_Exercise goal_
Reproduce the lines below exactly. Begin with the first, end with the line containing "Thors Hammer Hoodoo", and leave out the pictures.

_Given entries_

===

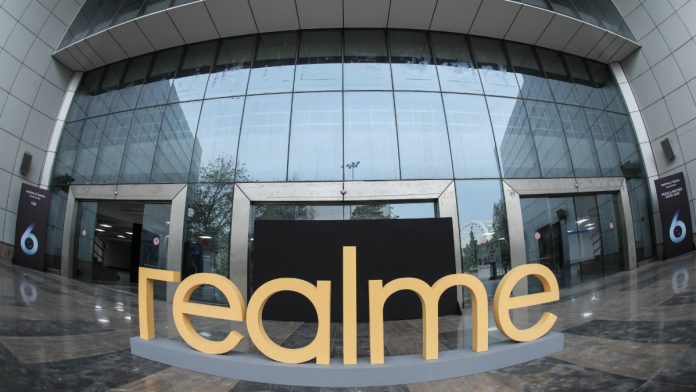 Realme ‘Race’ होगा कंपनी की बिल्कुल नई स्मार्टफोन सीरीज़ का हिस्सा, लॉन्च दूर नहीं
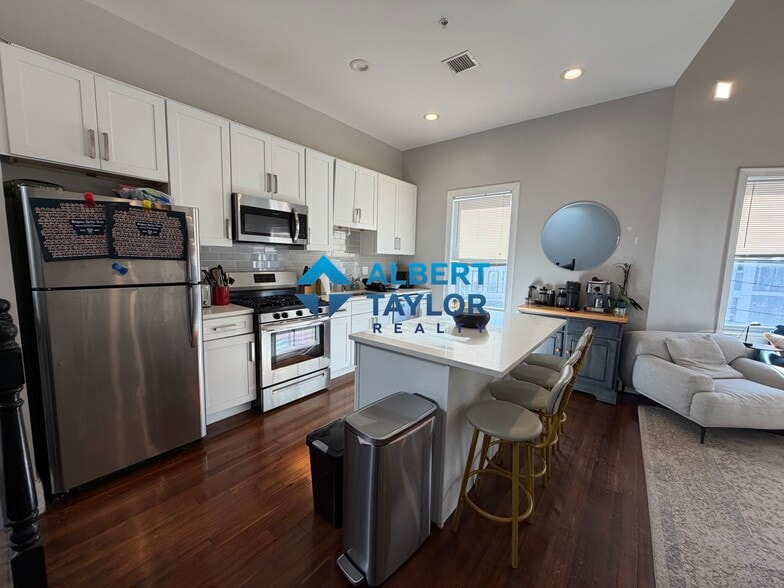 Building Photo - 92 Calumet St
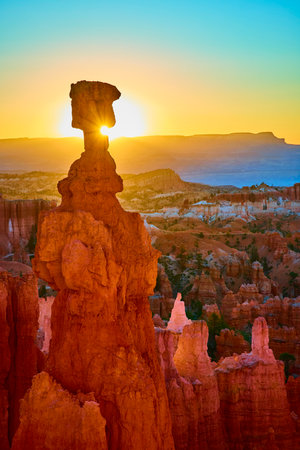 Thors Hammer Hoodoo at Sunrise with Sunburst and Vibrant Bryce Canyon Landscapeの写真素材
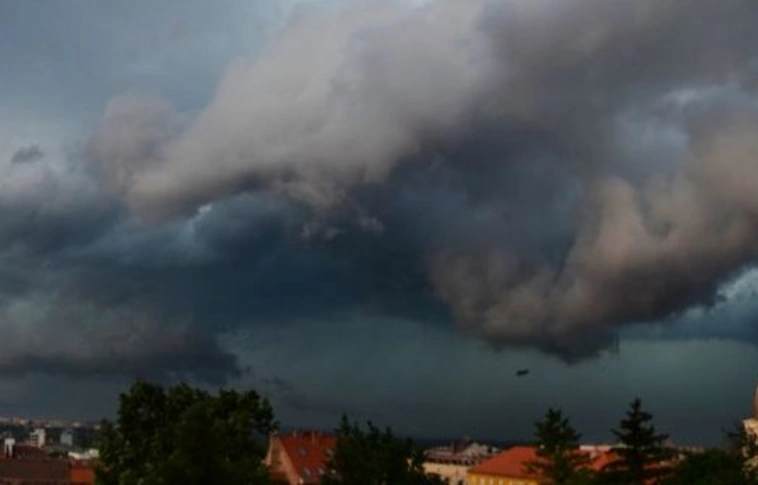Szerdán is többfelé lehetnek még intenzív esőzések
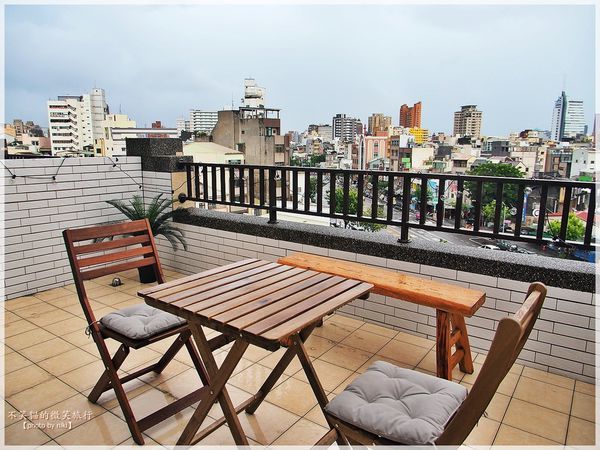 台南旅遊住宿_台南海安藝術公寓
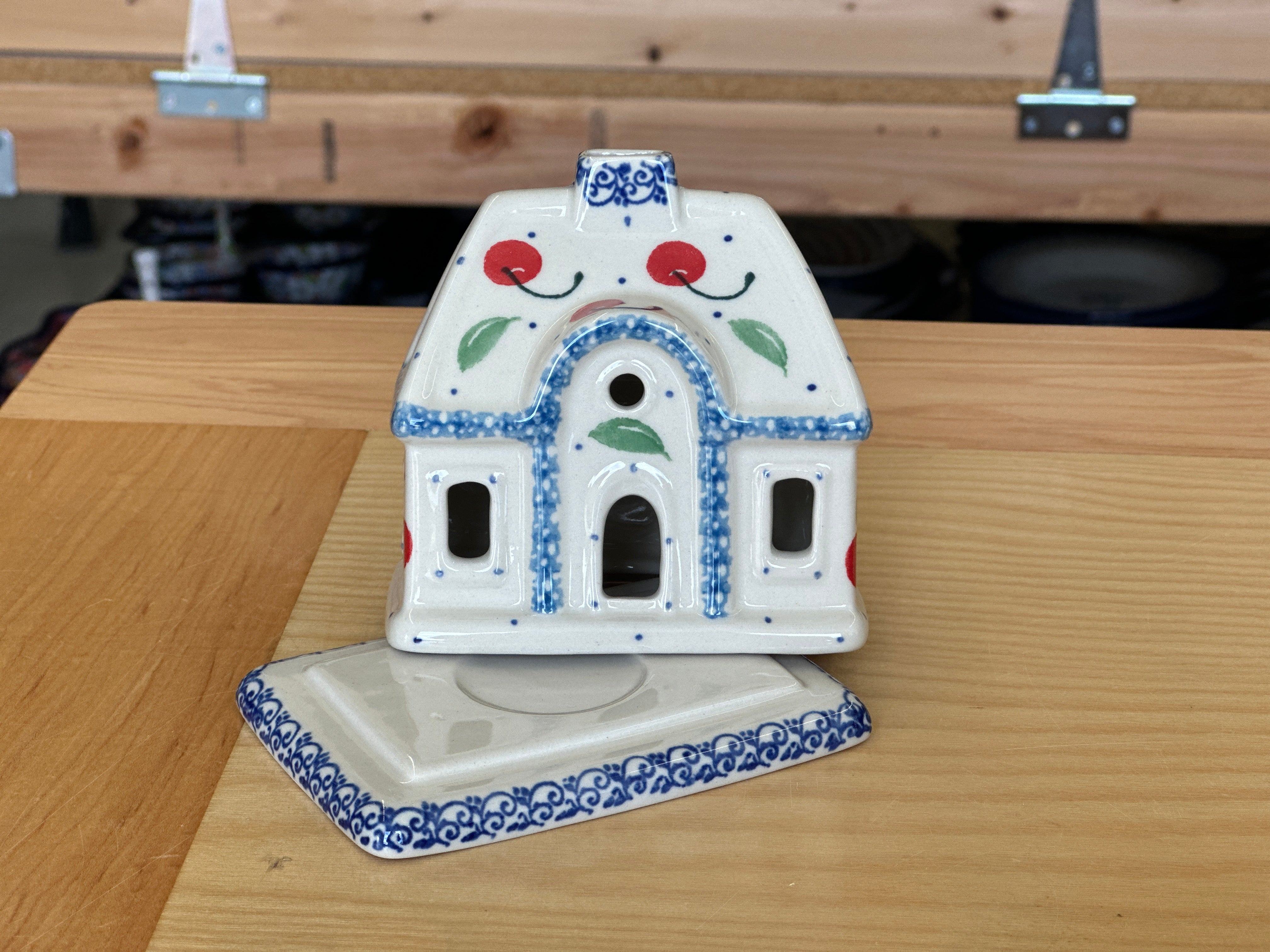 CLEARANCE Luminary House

===

_Response to the exercise_
 Realme ‘Race’ होगा कंपनी की बिल्कुल नई स्मार्टफोन सीरीज़ का हिस्सा, लॉन्च दूर नहीं
 Building Photo - 92 Calumet St
 Thors Hammer Hoodoo at Sunrise with Sunburst and Vibrant Bryce Canyon Landscapeの写真素材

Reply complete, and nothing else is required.